L'orchestration de ce mouvement est aussi remarquable, les cors et
les bois ont une partie totalement indépendante de celles des
violons et des basses.
La vigueur du thème du
menuetto et son irrésistible vitalité contraste avec la
douceur poétique du trio, un laendler consistant en un solo de la
première clarinette accompagnée par les arpèges de la seconde dans
son registre grave. La sonorité de ce passage est déjà romantique.
Dans les œuvres de la
pleine maturité de Mozart, le mouvement final n'est plus le
divertissement destiné à finir l'oeuvre gaiement comme dans nombre
d'oeuvres de jeunesse mais tend à devenir le plus élaboré des
quatre. C'est très net dans cette symphonie et le sera tout autant
dans les finales des symphonies n° 40 et 41. Ce mouvement Allegro
2/4 de structure sonate est bâti sur un thème unique, à la manière
de Muzio Clementi (5) et de Joseph Haydn. Ce premier thème
très allant est une longue et souple mélodie exposée piano,
il est suivi par une ritournelle énergique consistant en bariolages
virtuoses des violons. Alors qu'on attend un deuxième thème, c'est
le premier qui réapparait à la dominante c'est-à-dire en si bémol
majeur, il est suivi par une brusque modulation enharmonique en si
majeur (4). On assiste ensuite, dans la tonalité de fa# majeur, à
un dialogue en imitations de la première partie du thème entre le
basson et la flûte tandis que, curieusement, les altos jouent en sol
bémol majeur (6). Enfin un unisson sur un do bémol permet de
retrouver la tonalité de si bémol. Après un rappel de la gamme
descendante de l'introduction, de nouvelles imitations entre
clarinette, flûte et basson mettent un point final à cette
exposition. Le développement débute brusquement par un unisson sur
le thème initial en sol majeur, on repasse en mi bémol majeur et
par une géniale modulation enharmonique, le début du thème est
exposé brusquement en mi majeur et acquiert une force nouvelle. Ce
thème va faire l'objet de vigoureuses imitations entre violons et
basses, puis d'un canon serré entre les mêmes groupes
d'instruments. Des nouvelles modulations très expressives sur
l'incipit du thème principal permettent d'aboutir à la
réexposition. Cette dernière est semblable à l'exposition
moyennant quelques changements.
![]() |
A la villa Farnèse, les deux peupliers, Pierre-Henri de Valenciennes (1800), musée du Louvre |
La liberté modulatoire de
cette symphonie me semble unique dans la musique du 18ème siècle. Le
monothématisme rigoureux qui règne dans ce finale, non seulement ne
paraît pas sec ou austère mais au contraire procure une grande
satisfaction spirituelle. Ce type d'écriture pratiqué par Mozart
dans certaines œuvres de maturité, a été utilisé par Joseph
Haydn tout au long de sa vie, dans la plupart de ses oeuvres. La
sublime symphonie n° 88 en sol majeur (1787) en est le plus
spectaculaire représentant (7). Cela montre qu'à partir de 1780,
l'influence de Joseph Haydn sur Mozart devient de plus en plus
importante.
- Parmi les nombreux textes sur la symphonie K 543, j'ai choisi de citer mon préféré : Georges de Saint Foix, W.-A. Mozart, volume IV L'Epanouissement, Desclée de Brouwer, 1939, p. 334-8. On peut aussi consulter l'excellente notice de Edouard Lindenberg accompagnant la partition de poche Heugel et Cie.

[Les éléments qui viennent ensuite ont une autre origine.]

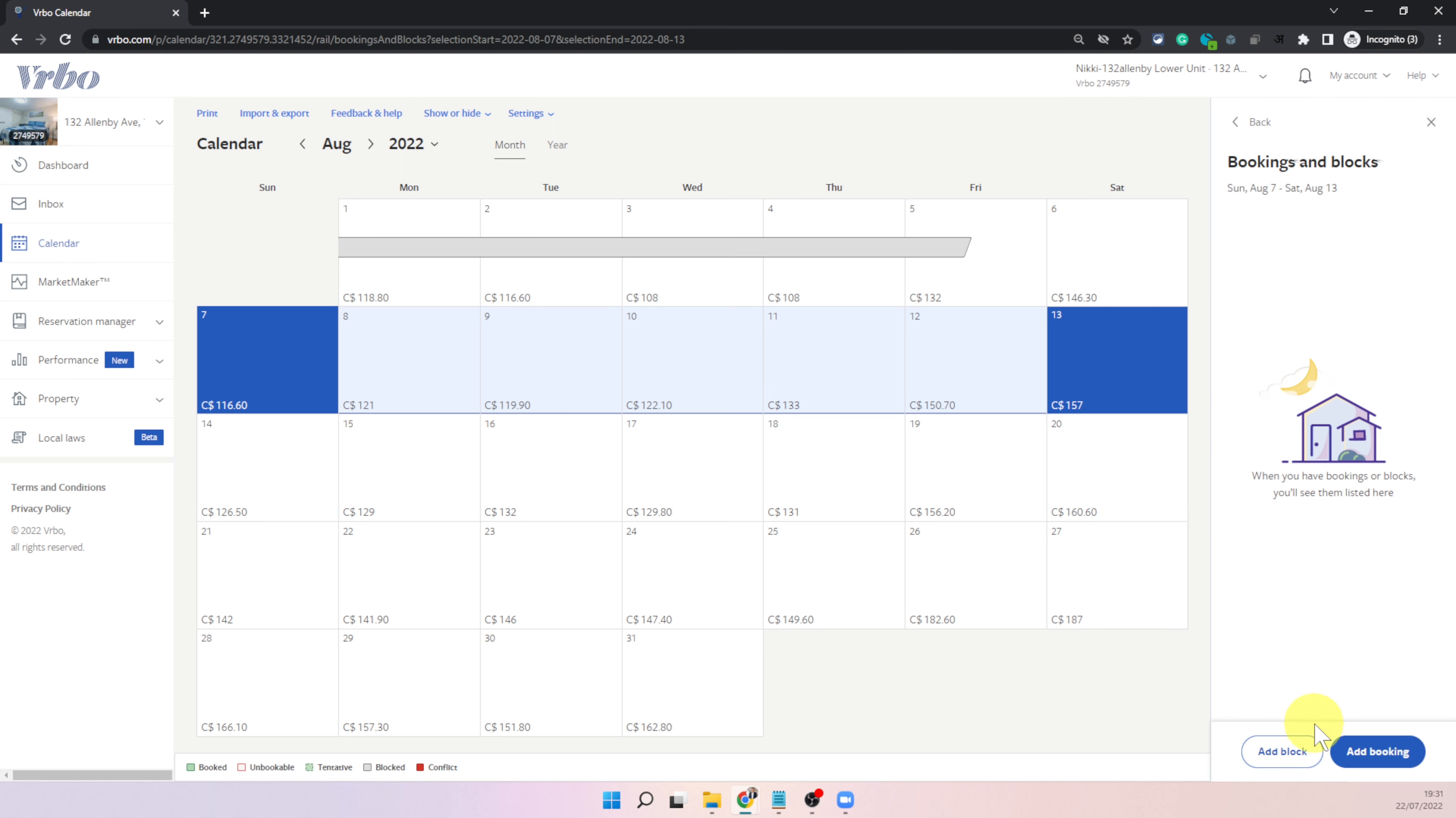Now it gives you two options to add a block or add a booking and this is I'm not seeing this on any other platform. On VRBO you can actually add someone to your property as a guest and then VRBO will send an invite for them to pay for that booking.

- La symphonie n° 99 de Joseph Haydn est mozartienne par sa sonorité et par son esprit plus que par ses thèmes. La tonalité de mi bémol majeur chérie par les deux compositeurs n'est pas étrangère à ces convergences.
- Parmi les symphonies de Mozart antérieures, deux possèdent des clarinettes en plus des hautbois, la n° 31 en ré majeur, Paris K 297 et la n° 35 en ré majeur, Haffner K 385, mais dans ces deux cas, le rôle des clarinettes est relativement modeste. Les clarinettes n'apparaîtront chez Joseph Haydn qu'à partir de la symphonie n° 99 de 1793.
- Enharmonie. https://fr.wikipedia.org/wiki/Enharmonie La gamme tempérée ou gamme à tempérament égal est divisée en 12 demi-tons équivalents. Un sol# est équivalent à un la bémol et ces deux notes sont jouées sur une même touche de piano, de même, un do bémol est équivalent à un si naturel. Cette propriété d'utiliser deux notes nommées différemment pour obtenir un même son, permet de passer d'une tonalité à une autre très éloignée. On parle alors de modulation enharmonique. Dans l'andante de la symphonie, à la mesure 91, le thème est énoncé en la bémol mineur, le mi bémol de l'accord devient un ré # et on passe fugitivement à la tonalité enharmonique de sol# mineur, puis au relatif majeur, si majeur et enfin à l'homonyme mineur, si mineur.
- http://piero1809.blogspot.com/2016/12/muzio-clementi-compositeur-meconnu.html Les relations entre Clementi et Mozart n'étaient pas aussi mauvaises qu'on l'a dit. Clementi admirait Mozart et ce dernier lui a rendu hommage dans l'ouverture de La flûte enchantée.
- Les altos jouent un la bémol et un sol bémol tandis qu'en même temps, les bassons jouent un sol# et un fa# de même hauteur, étrangeté voulue par Mozart dont la raison d'être m'est inconnue, mais qui pourrait poser un problème d'intonation.
- http://piero1809.blogspot.com/2017/09/symphonie-n-88-de-joseph-haydn.html Toutefois, il est peu probable que Mozart connaissait cette symphonie quand il composa sa trilogie de 1788.
- Bertrand Dermoncourt, Dictionnaire Mozart, Robert Laffont, Paris 2005, p. 957-9. L'auteur des lignes sur les symphonies n° 39 (mi bémol majeur), 40 (sol mineur) et 41 (do majeur) fait remarquer que les tonalités de ces symphonies sont identiques à celles des symphonies n° 84, 83 et 82 respectivement de J. Haydn.